Na Tata Steel in IJmuiden en schoonmaakmiddelenfabrikant Solvay in Toscane richt TINKEBELL. haar pijlen op het Asfaltmeer dat Shell achterliet op Curaçao. De raffinaderij is nu 6 jaar dicht, maar het afval ligt er nog en de gezondheids- en milieuschade zijn groot. Alleen dit keer is het niet haar verhaal om te vertellen, aldus TINKEBELL.
Oleum Shell isla de Curaçao is tot en met 20 december te zien bij TORCH in Amsterdam.
Chronisch geïnteresseerd
Voor iemand die zichzelf ‘chronisch geïnteresseerd’ noemt, heeft TINKEBELL. een passende werkwijze gevonden. Eentje waarin ze zowel haar interesse kan volgen als haar creativiteit kwijt kan. Haar aandacht richt zich de afgelopen 5 jaar op de schade aan milieu en volksgezondheid die zware industrie aanricht en op de sociale en economische verwevenheid van de lokale gemeenschap met werkgevers als Tata Steel in IJmuiden en Solvay in Toscane, Italië. Oleum Shell isla de Curaçao is het derde project in deze ‘series of series’. Ze is van plan 5 of 6 van dergelijke series maken.

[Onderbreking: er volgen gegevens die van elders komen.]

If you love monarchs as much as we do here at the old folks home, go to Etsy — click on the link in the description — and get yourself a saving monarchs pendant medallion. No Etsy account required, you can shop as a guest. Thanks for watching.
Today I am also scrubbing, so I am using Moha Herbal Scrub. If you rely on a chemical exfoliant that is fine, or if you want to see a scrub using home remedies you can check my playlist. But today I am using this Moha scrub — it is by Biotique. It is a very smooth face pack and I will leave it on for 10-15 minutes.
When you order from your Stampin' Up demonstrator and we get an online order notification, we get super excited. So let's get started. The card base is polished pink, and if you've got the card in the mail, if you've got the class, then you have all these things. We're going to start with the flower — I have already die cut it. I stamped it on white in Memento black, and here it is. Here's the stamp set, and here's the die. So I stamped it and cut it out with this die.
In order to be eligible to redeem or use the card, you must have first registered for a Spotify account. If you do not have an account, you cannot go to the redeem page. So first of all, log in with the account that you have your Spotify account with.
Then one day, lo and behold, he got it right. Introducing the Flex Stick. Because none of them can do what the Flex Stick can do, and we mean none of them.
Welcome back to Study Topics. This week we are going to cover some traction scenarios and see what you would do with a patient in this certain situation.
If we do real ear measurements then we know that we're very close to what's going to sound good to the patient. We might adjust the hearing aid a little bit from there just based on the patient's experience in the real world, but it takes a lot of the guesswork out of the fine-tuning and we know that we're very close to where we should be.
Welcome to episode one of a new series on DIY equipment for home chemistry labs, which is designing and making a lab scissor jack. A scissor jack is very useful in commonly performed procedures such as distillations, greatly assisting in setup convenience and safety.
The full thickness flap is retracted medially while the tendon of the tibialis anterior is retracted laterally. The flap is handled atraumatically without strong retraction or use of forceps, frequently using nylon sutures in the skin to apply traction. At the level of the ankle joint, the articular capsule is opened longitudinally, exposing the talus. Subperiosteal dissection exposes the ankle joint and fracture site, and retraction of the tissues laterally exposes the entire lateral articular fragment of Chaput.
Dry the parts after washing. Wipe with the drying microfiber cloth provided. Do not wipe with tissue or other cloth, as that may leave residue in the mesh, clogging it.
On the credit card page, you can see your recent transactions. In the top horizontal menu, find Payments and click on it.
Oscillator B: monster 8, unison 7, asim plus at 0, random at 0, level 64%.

Al deze projecten resulteren in een tentoonstelling waarbij alle werken zijn gemaakt met het afval dat ze ter plaatse aantrof. Tegelijk zijn de projecten ook een bron- en veldonderzoek, zeg maar gerust een avontuur. Dat deel van haar werk wordt ook belicht in Oleum Shell isla de Curaçao. Ter gelegenheid van deze show verscheen de eerste editie van de Torch Times, een krant boordevol achtergrondinformatie over het project en interviews.

Inbreken
Na de serie over Solvay was TINKEBELL. van plan een serie te maken over de olie die weglekt en gedumpt wordt door Shell rondom de delta in Nigeria. Uiteindelijk zag ze daarvan af, omdat haar contacten ter plaatse aangaven dat ze het waarschijnlijk niet zou overleven. Door een kennis werd ze gewezen op het Asfaltmeer op Curaçao. Ooit een mangrovebos, maar door toedoen van de olieraffinaderij een plek waar je niet lang wilt zijn, omdat je snel onwel wordt van de chemische stoffen die er aan de oppervlakte liggen.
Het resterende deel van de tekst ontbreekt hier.